## Extracted records:
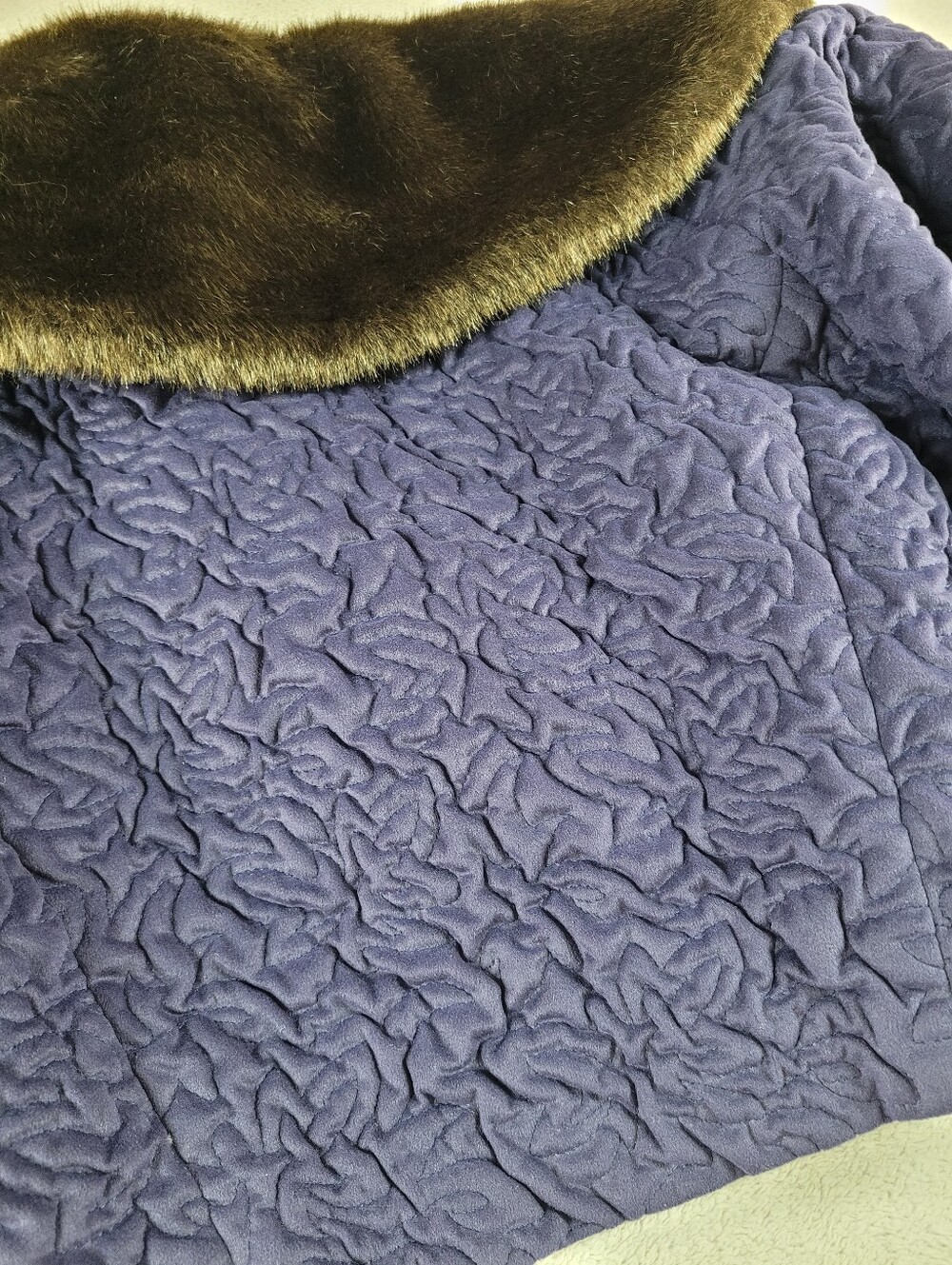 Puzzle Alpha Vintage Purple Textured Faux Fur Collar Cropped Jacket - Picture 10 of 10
* * *
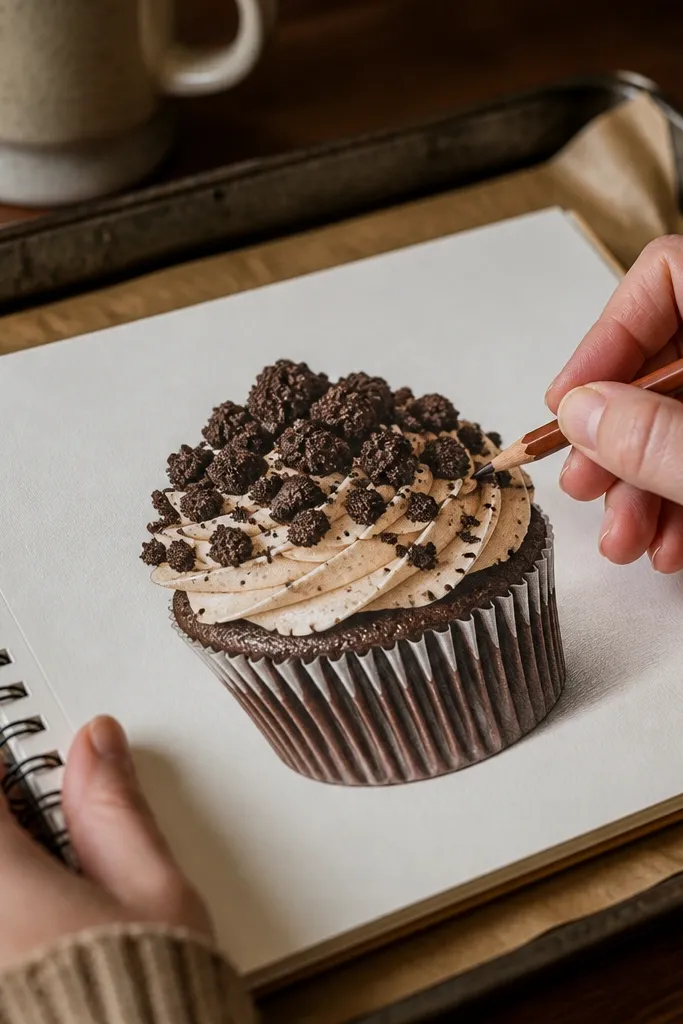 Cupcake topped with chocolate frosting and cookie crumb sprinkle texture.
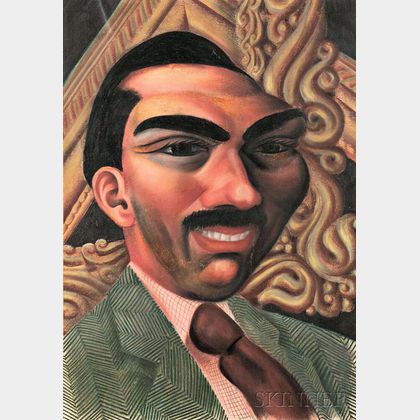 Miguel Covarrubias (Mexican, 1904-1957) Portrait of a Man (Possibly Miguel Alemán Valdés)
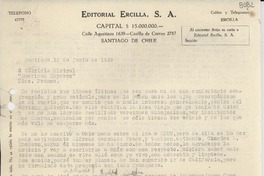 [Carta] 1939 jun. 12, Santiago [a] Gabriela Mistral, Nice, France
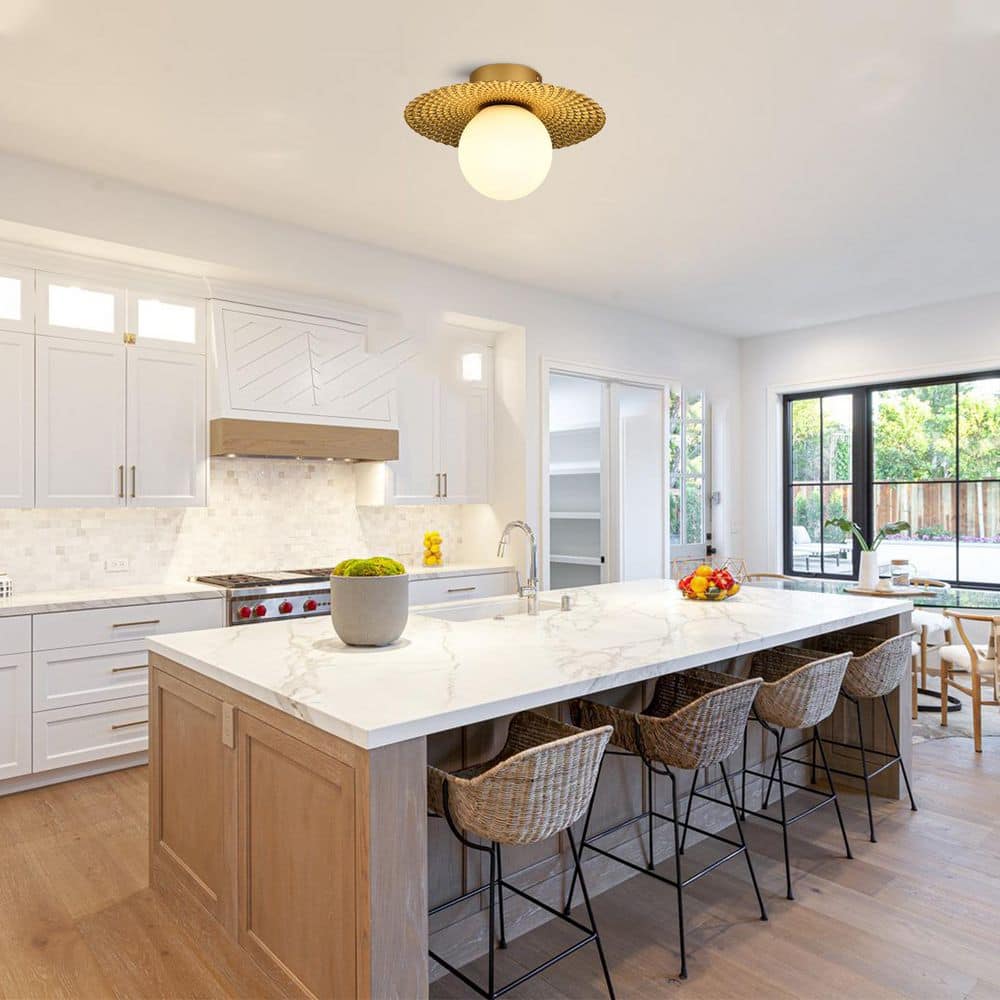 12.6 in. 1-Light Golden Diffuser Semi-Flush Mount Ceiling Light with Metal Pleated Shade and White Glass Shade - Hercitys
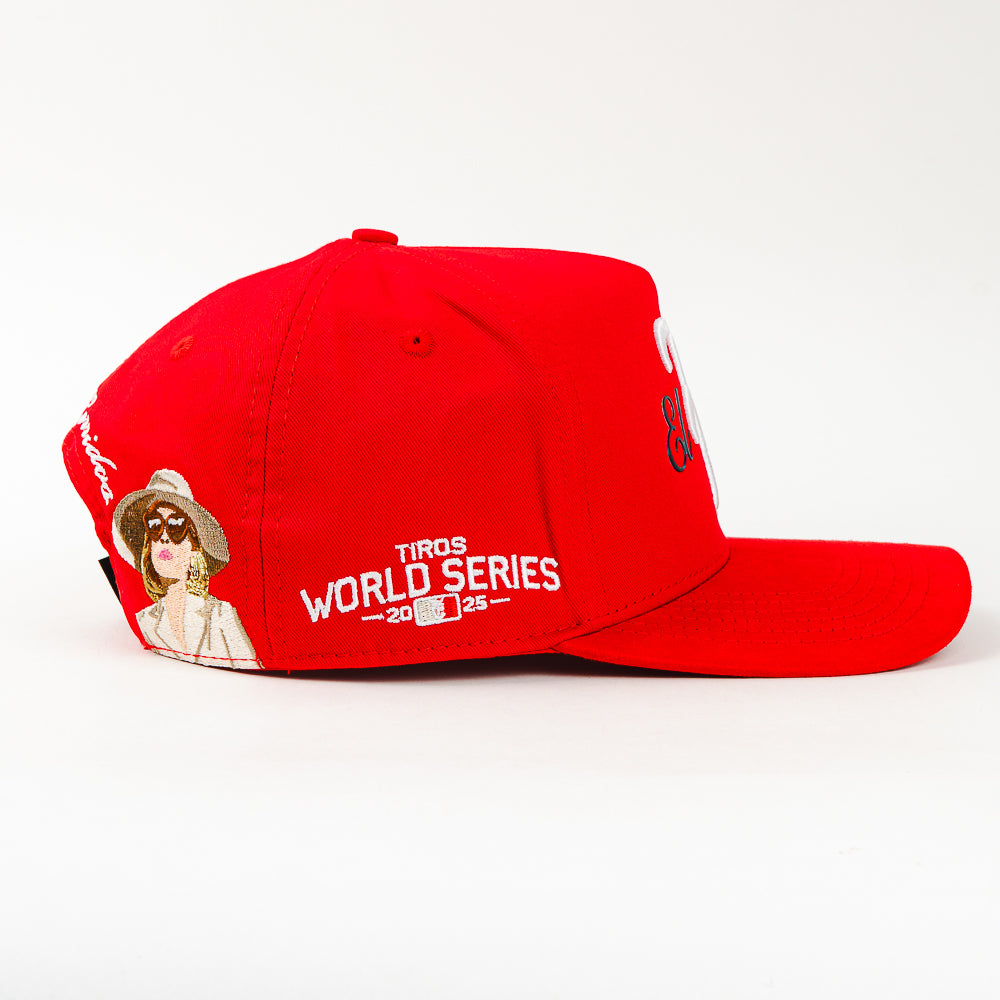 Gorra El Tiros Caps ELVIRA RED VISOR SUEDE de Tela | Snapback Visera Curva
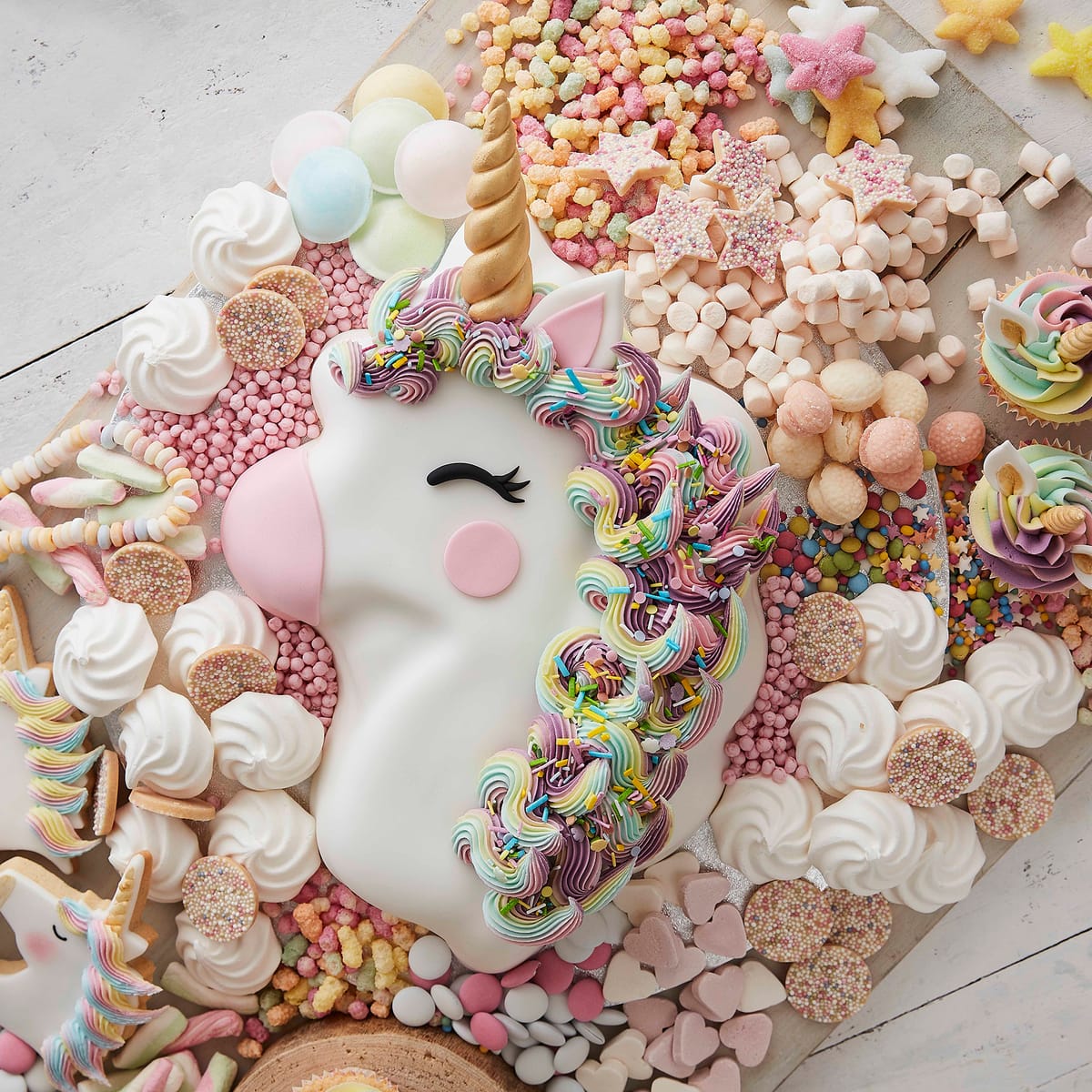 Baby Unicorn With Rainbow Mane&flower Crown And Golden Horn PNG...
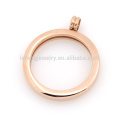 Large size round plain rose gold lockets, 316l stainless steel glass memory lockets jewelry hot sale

## What the exercise asks:
Give again the lines of the listing above that run from the one with "Baby Unicorn With" up to and including the one with "Large size round". Keep them exact and omit the pictures.

## Response to this task:
 Baby Unicorn With Rainbow Mane&flower Crown And Golden Horn PNG...
 Large size round plain rose gold lockets, 316l stainless steel glass memory lockets jewelry hot sale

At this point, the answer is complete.